Task objective:
Quote the material exactly from the line that contains "Tommy Bergs – Sommarens Vänner Är Vi" through its last line. Any pictures are to be left out.
──────
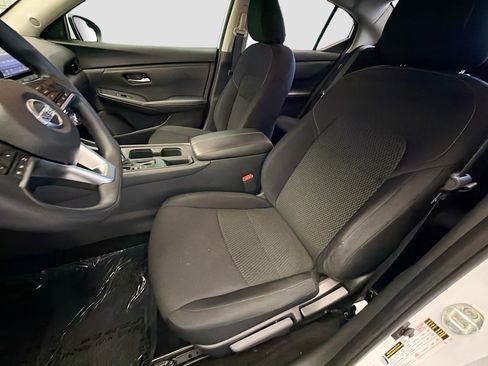 Used 2023 Nissan Sentra S FWD image 11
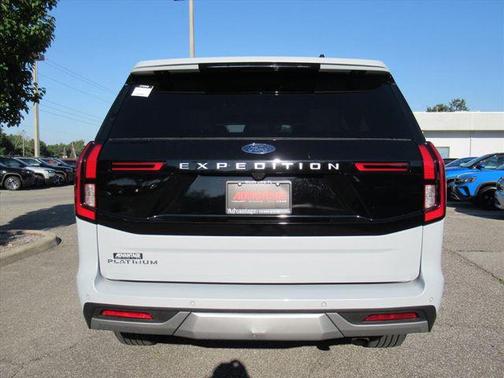 Silver Metallic 2025 Ford Expedition Platinum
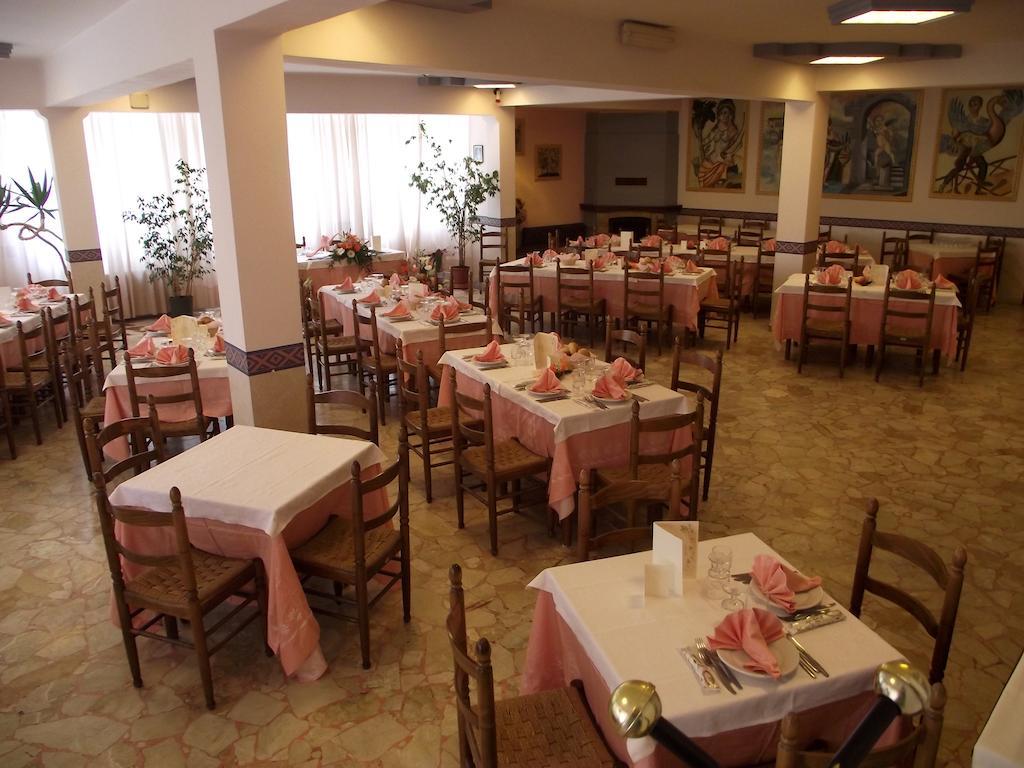 Hotel Ristorante Mosaici Piazza Armerina Kültér fotó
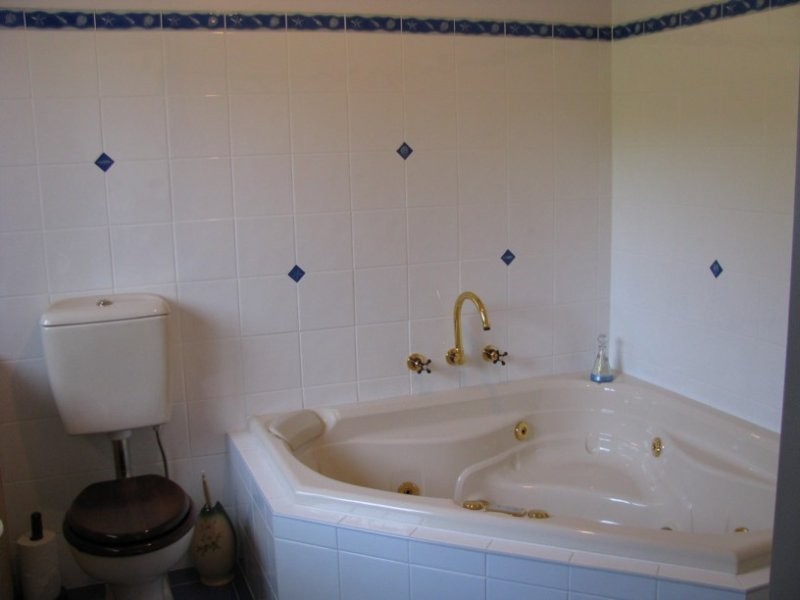 11 Garvan Street, Wolumla NSW 2550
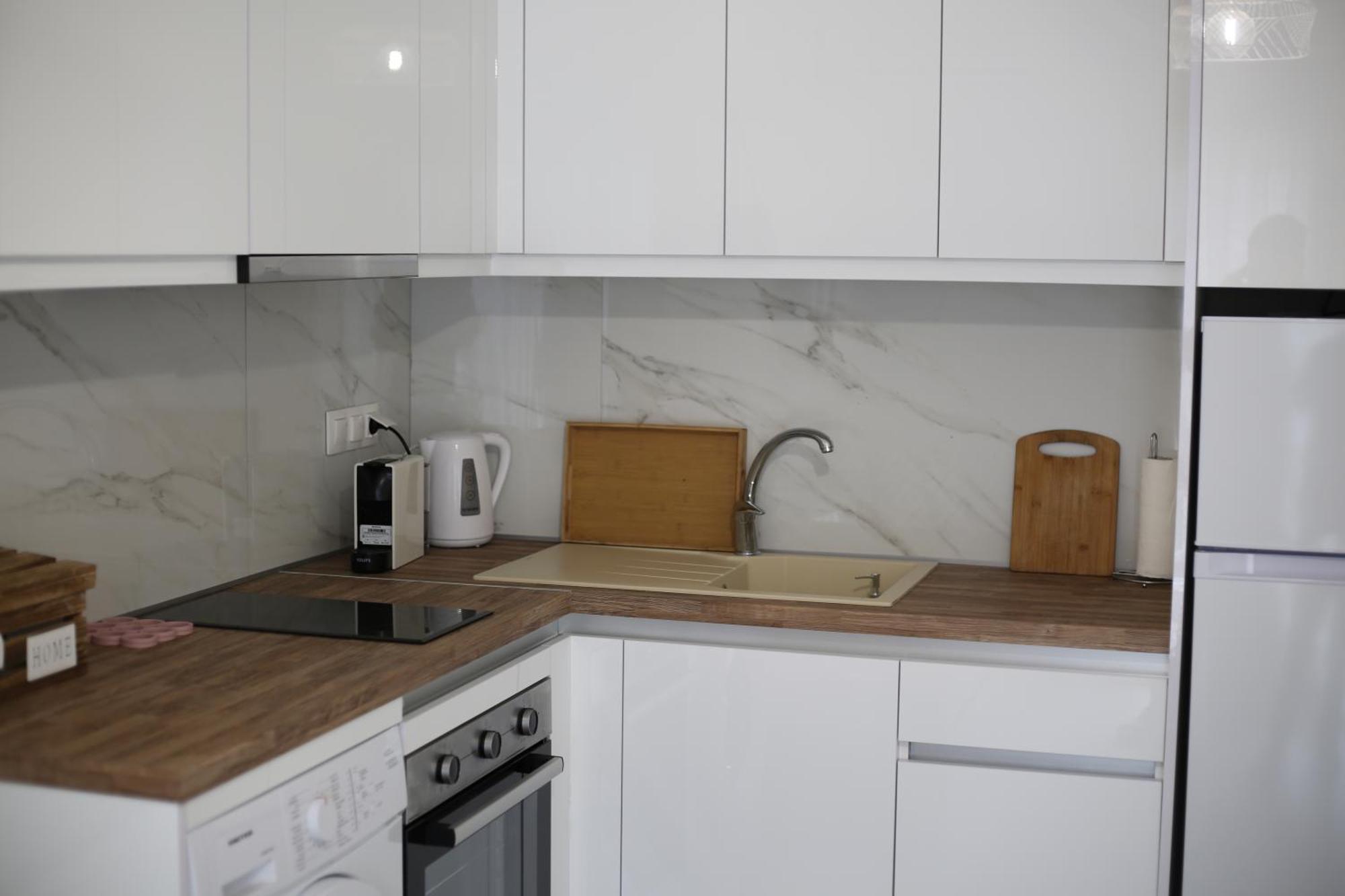 Our Home-Fully Renovated Apartments And Studios By The Sea Nikiti  Eksteriør billede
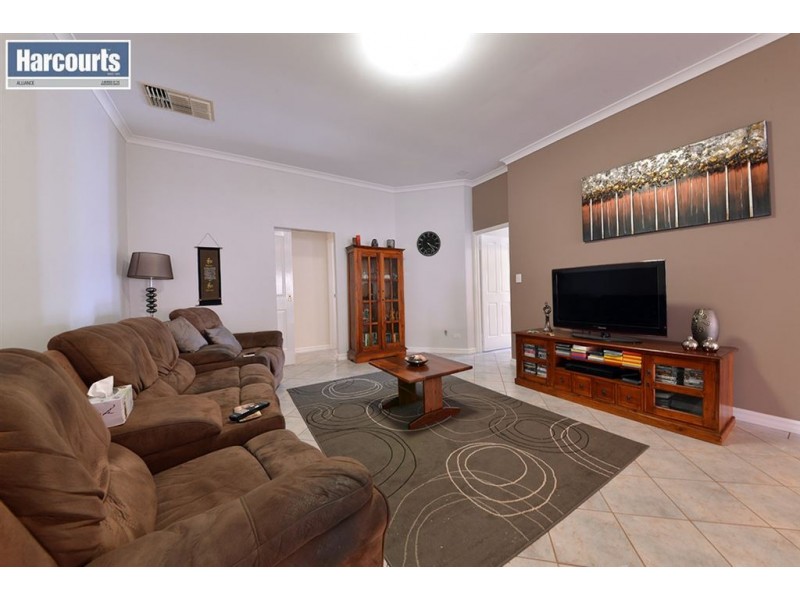 11 Raffles Court, Currambine WA 6028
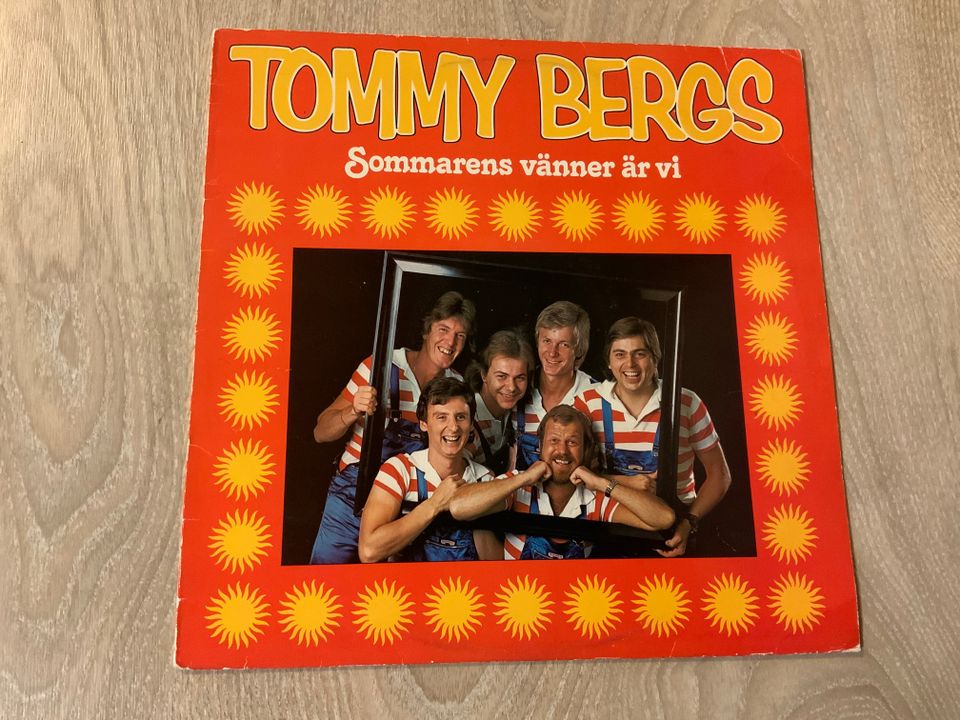 Tommy Bergs – Sommarens Vänner Är Vi
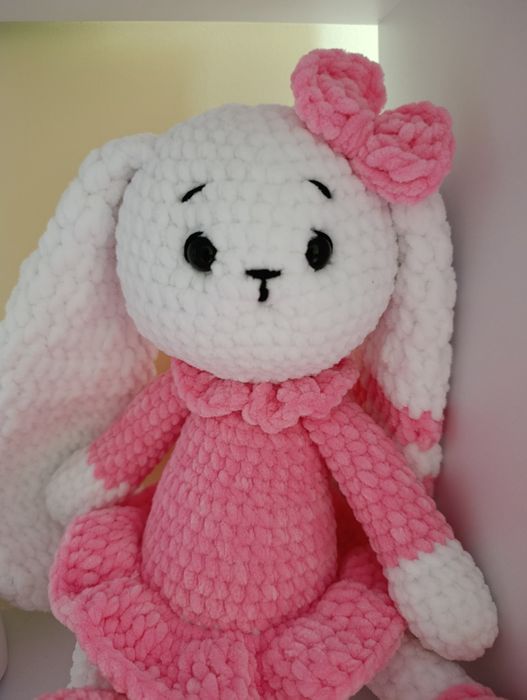 Зайчик крючком из плюша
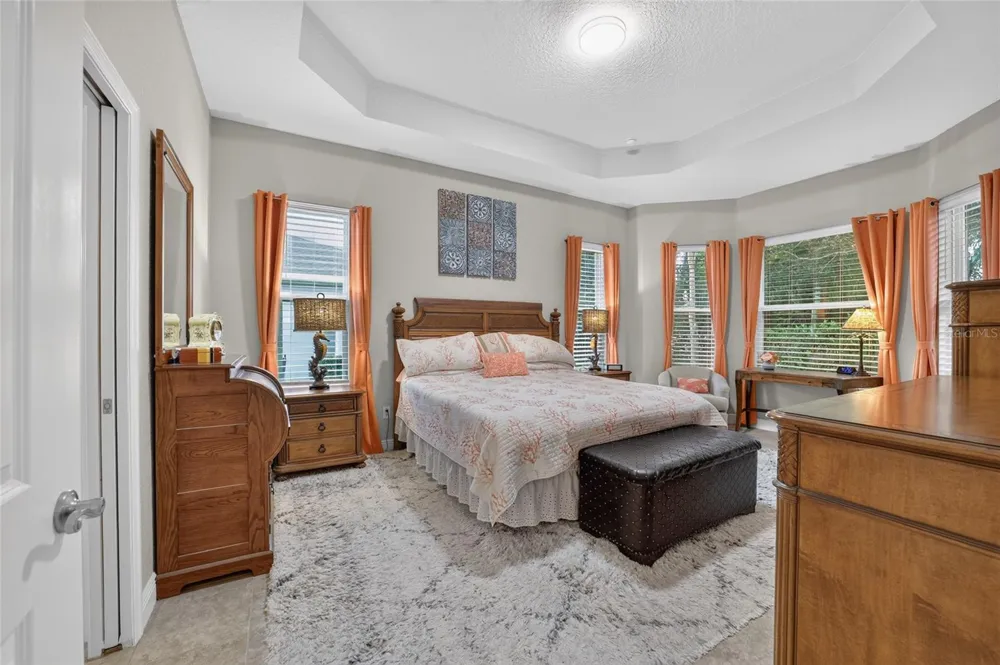 10212 JULIA ISLES AVENUE Oxford, FL 34484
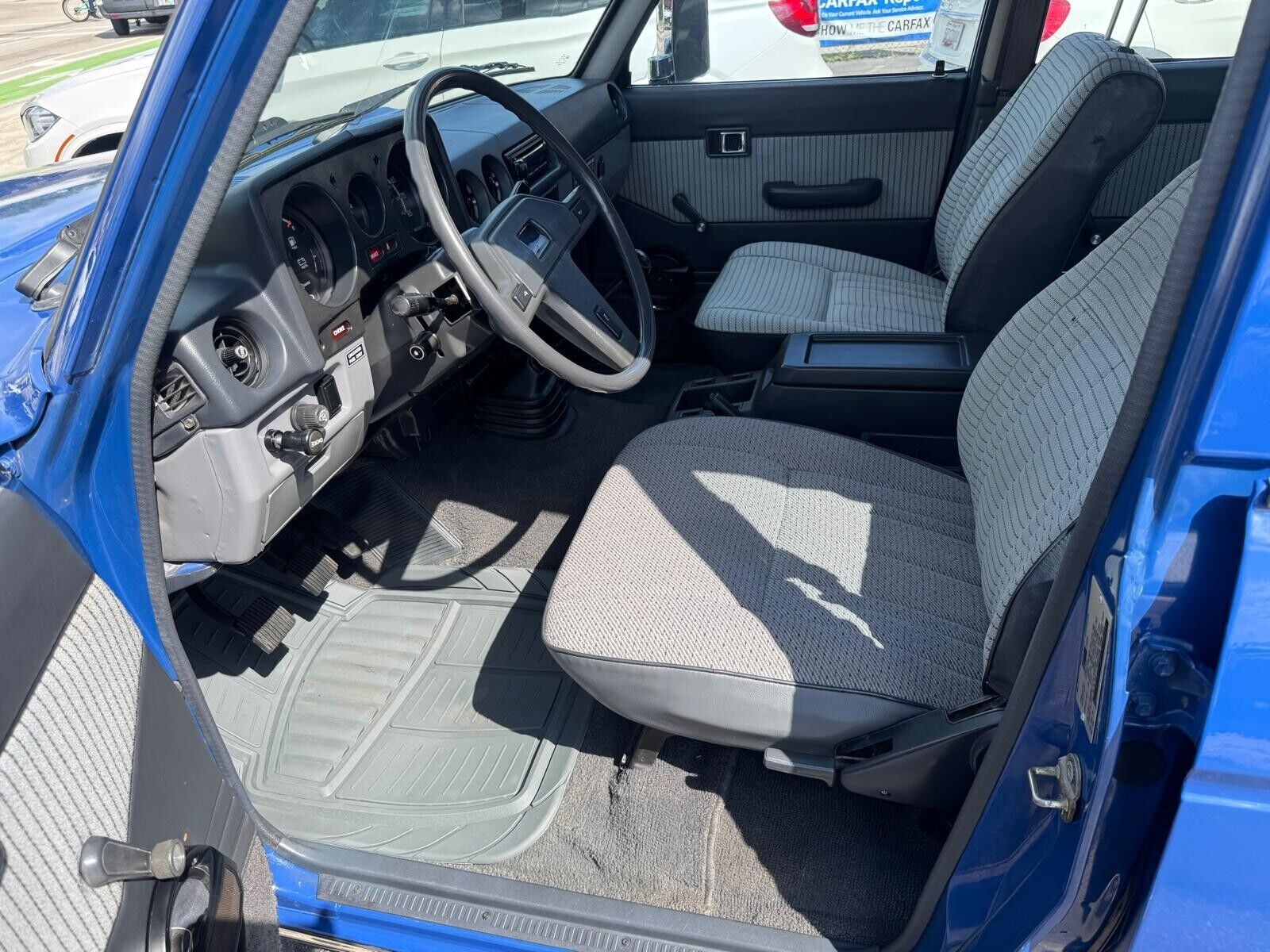 Toyota-Land-Cruiser-1987-SUV-14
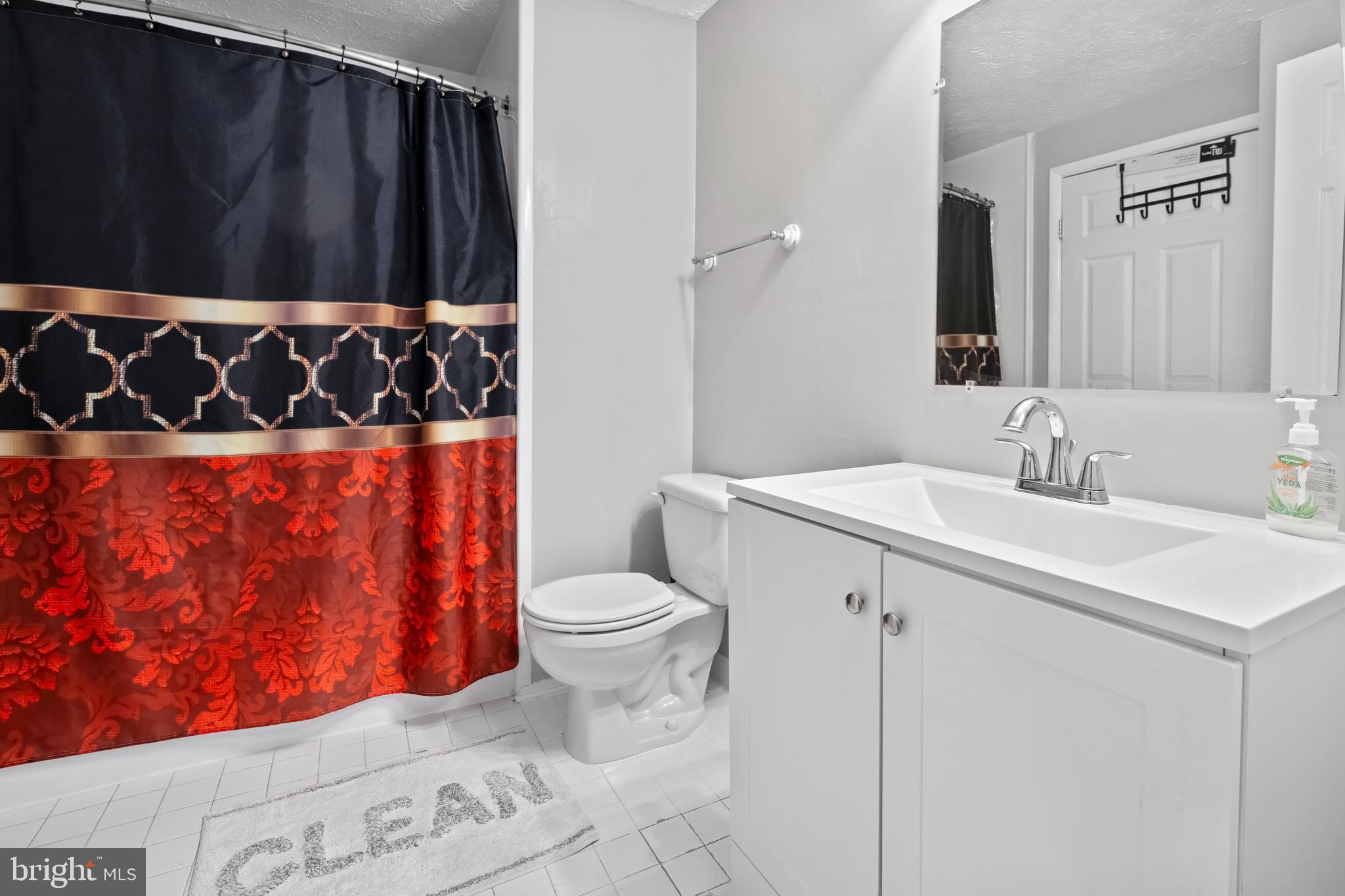 QUEEN ANNE VILLAGE - Residential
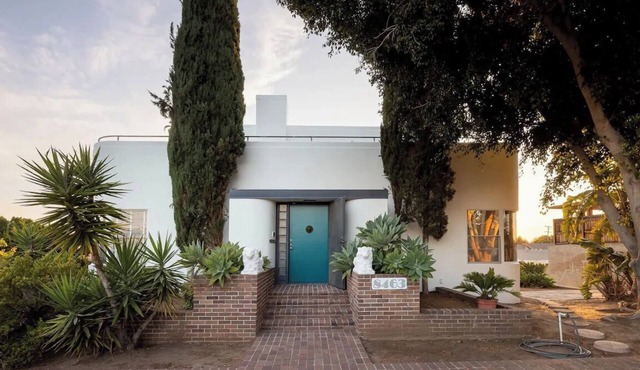 Spacious Art Deco Retreat: Gourmet Kitchen, Rooftop Sunsets, 9 Mi to SD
──────
Answer box:
 Tommy Bergs – Sommarens Vänner Är Vi
 Зайчик крючком из плюша
 10212 JULIA ISLES AVENUE Oxford, FL 34484
 Toyota-Land-Cruiser-1987-SUV-14
 QUEEN ANNE VILLAGE - Residential
 Spacious Art Deco Retreat: Gourmet Kitchen, Rooftop Sunsets, 9 Mi to SD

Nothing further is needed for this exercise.